Single by Summer Walker with JT

from the album Still Over It
- Released: October 15, 2021
- Recorded: 2019
- Genre: Pop rap; R&B;
- Length: 3:46
- Label: LoveRenaissance; Interscope;
- Songwriters: Summer Walker; Jatavia Johnson; Nija Charles; London Holmes; Tyron Douglas; Garrett Hamler; Aubrey Robinson;
- Producers: Buddah Bless; Sean Garrett; Boobie;

Summer Walker singles chronology
| "Bullshit" (2021) | "Ex for a Reason" (2021) | "No Love" (2022) |

JT singles chronology
| "JT First Day Out" (2019) | "Ex for a Reason" (2021) | "Super Freaky Girl" (Queens Mix) (2023) |

Music video
- "Ex for a Reason" on YouTube

= Ex for a Reason =

2021 song by Summer Walker and JT from City Girls

"Ex for a Reason" is a song by American singer Summer Walker with rapper JT of hip hop duo City Girls, released on October 15, 2021, as the lead single from Walker's second studio album, Still Over It (2021).

==Background and composition==
"Ex for a Reason" is an uptempo pop-rap song that conveys "emotions behind dating someone that’s moved on from a past relationship". Walker first announced the song via a teaser trailer on October 4, 2021. Walker revealed its artwork, along with the release date as October 15.

Andy Kellman of AllMusic described the song as "a Miami-meets-Atlanta bass jam and one of the era's most flavorsome crossover R&B hits."

==Music video==
A lyric video was released to accompany the release of "Ex for a Reason" on October 15, 2021. The official music video, directed by Lacy Duke, was released on October 19, 2021. The video begins with Summer and her friends sitting at a local gas station and then riding through Atlanta, Georgia in an Oldsmobile 442 convertible with "Forever Atlanta" on the license plate, before later arriving to a house party.
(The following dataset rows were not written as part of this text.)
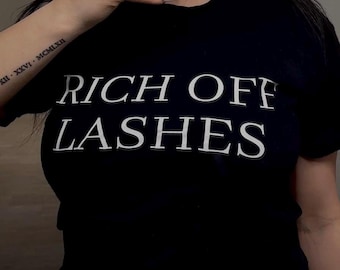 Rich off lashes
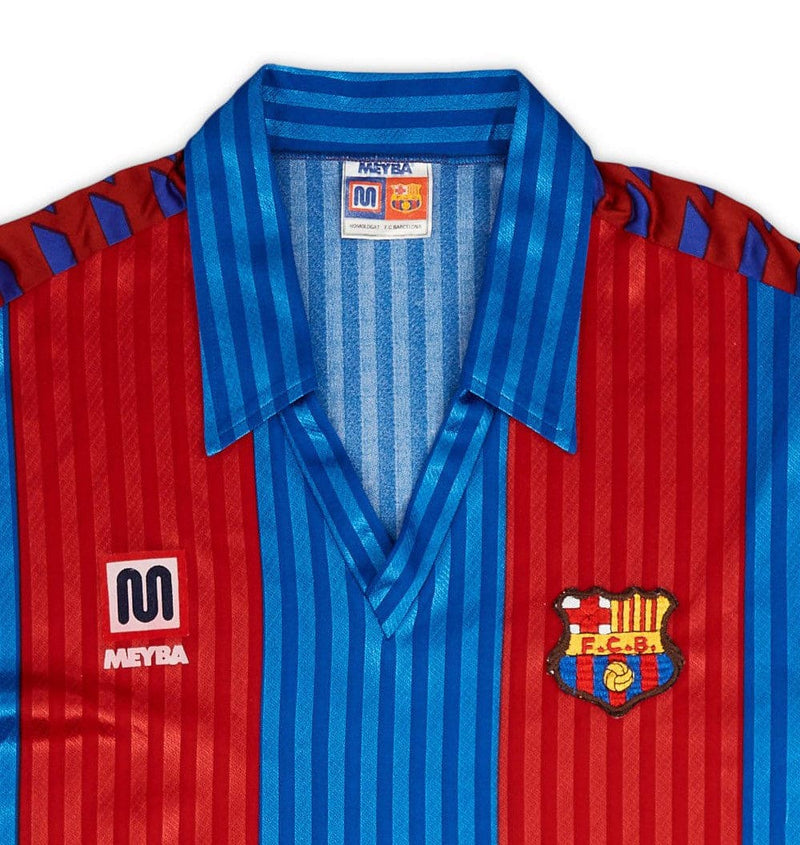 FC Barcelona 1990/91 Home Jersey Striker Style Soccer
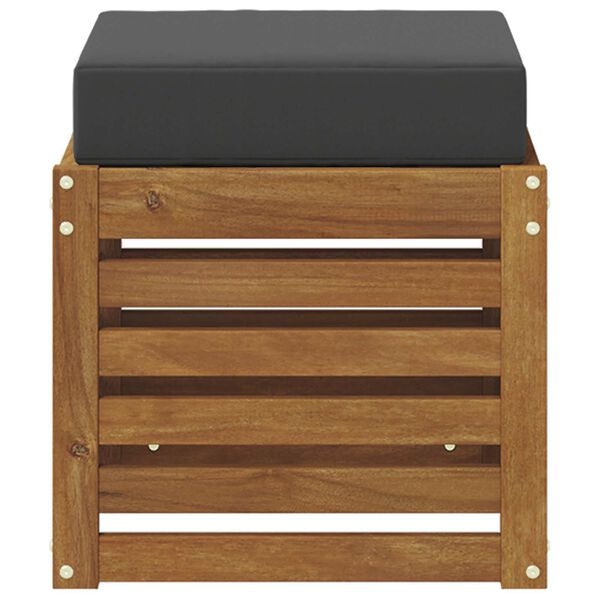 vidaXL Pad p&aacute;rn&aacute;val 2 Darab Term&eacute;szetes &eacute;s antracit T&ouml;m&ouml;r Ak&aacute;cfa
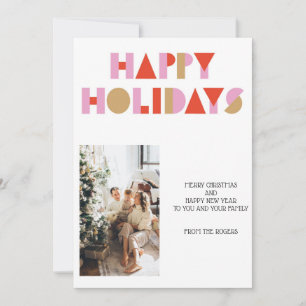 SAVE THE DATE CHRISTMAS GREETING CARD, TÉLÉCHARGEMENT INSTANT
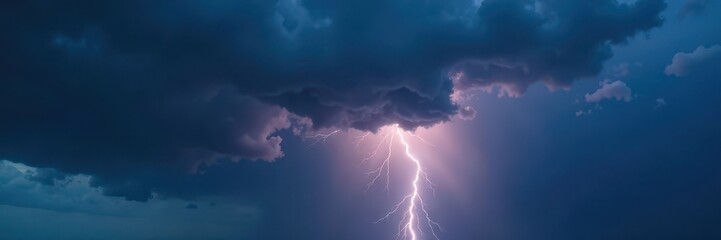 Dark grey clouds gathering with lightning flashing through, storm, lightning flash, stormy sky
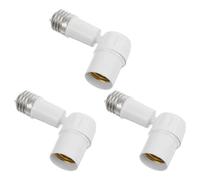 POPETPOP Adaptateur de Douille de Lampe E27 Rallonge Facile à Installer Flexible en Plastique Blanc Pack de 3 Pièces pour Lampe pour Maison et Hôtel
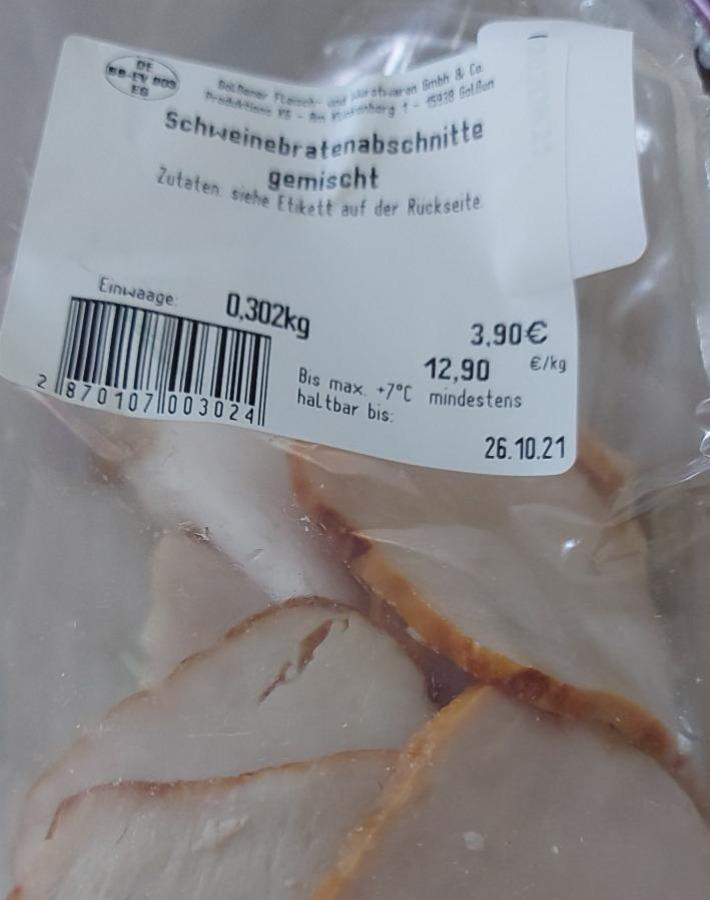 Fotografie - Schweinebratenabschnitte Golßener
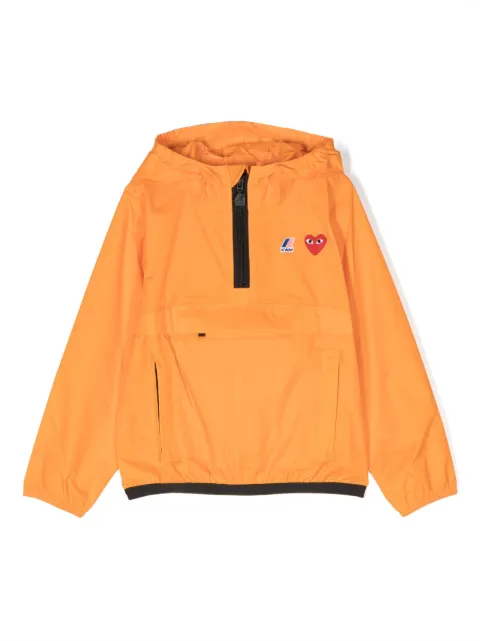 Comme Des Garçons Play Kids logo-patch pullover hooded jacket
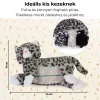 Mama cica és kölykei plüss szett szürke Mamanimals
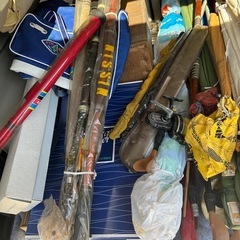 釣竿とリールのまとめ売りの画像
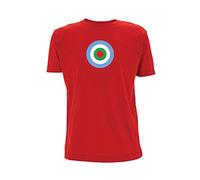 Paul Weller Target T Shirt Mod The Jam Music Northern Soul Movement Inspired (Large, Red)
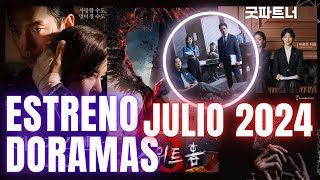 ESTRENOS DORAMAS JULIOO 2024 😍🎬 NUEVOSDORAMAS [upl. by Alessandra769]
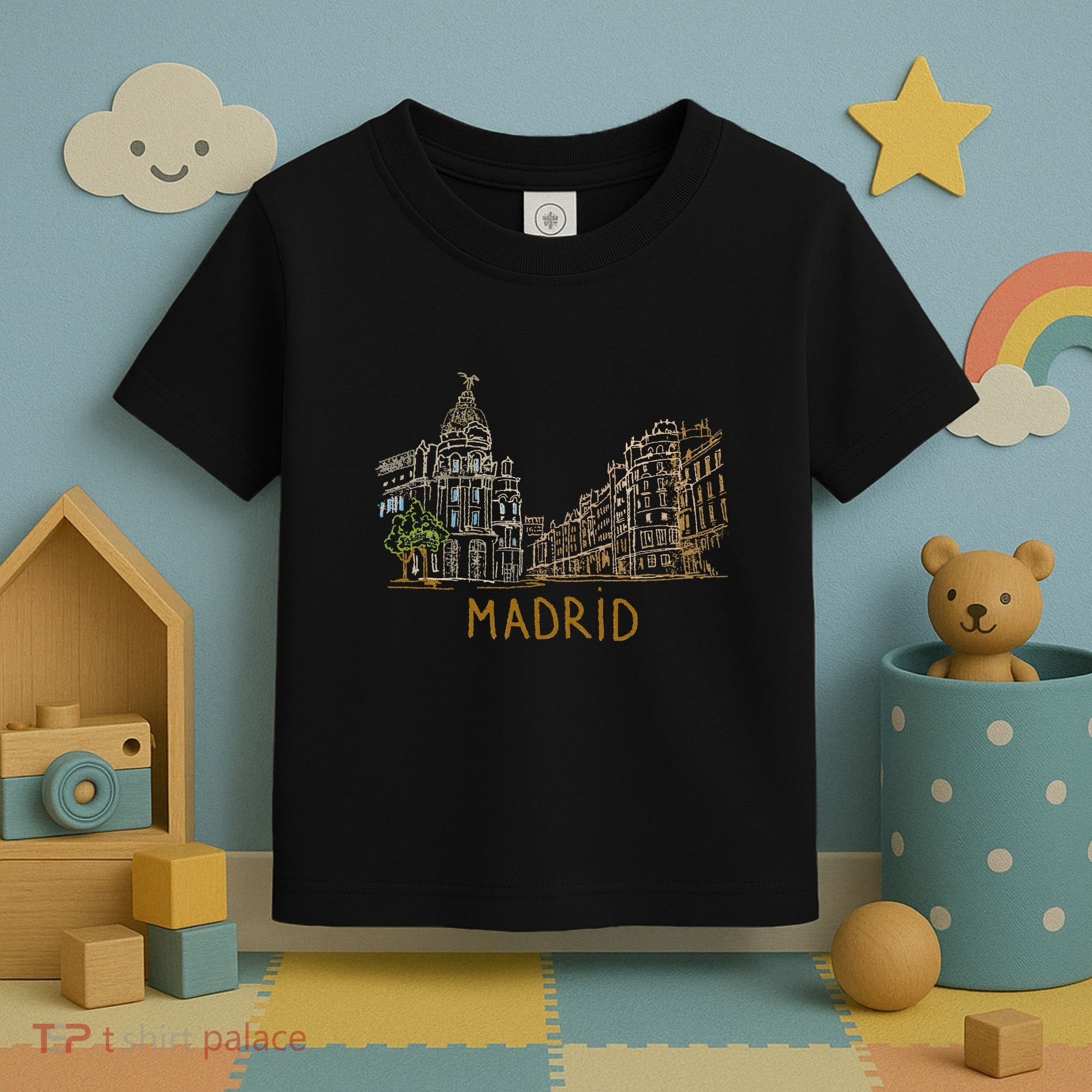 Madrid City Toddler T-Shirt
JT is seen rapping her verse while standing in front of a mirror.

==Charts==
===Weekly charts===

Weekly chart performance for "Ex for a Reason"
| Chart (2021) | Peak position |
|---|---|
| Canada Hot 100 (Billboard) | 75 |
| Global 200 (Billboard) | 51 |
| New Zealand Hot Singles (RMNZ) | 18 |
| South Africa (TOSAC) | 27 |
| UK Singles (OCC) | 42 |
| UK Hip Hop/R&B (OCC) | 20 |
| US Billboard Hot 100 | 33 |
| US Hot R&B/Hip-Hop Songs (Billboard) | 12 |
| US Rhythmic Airplay (Billboard) | 15 |

===Year-end charts===

2022 year-end chart performance for "Ex for a Reason"
| Chart (2022) | Position |
|---|---|
| US Hot R&B/Hip-Hop Songs (Billboard) | 98 |

==Certifications==

Certifications for "Ex for a Reason"
| Region | Certification | Certified units/sales |
| New Zealand (RMNZ) | Gold | 15,000^{‡} |
| United States (RIAA) | Gold | 500,000^{‡} |
^{‡} Sales+streaming figures based on certification alone.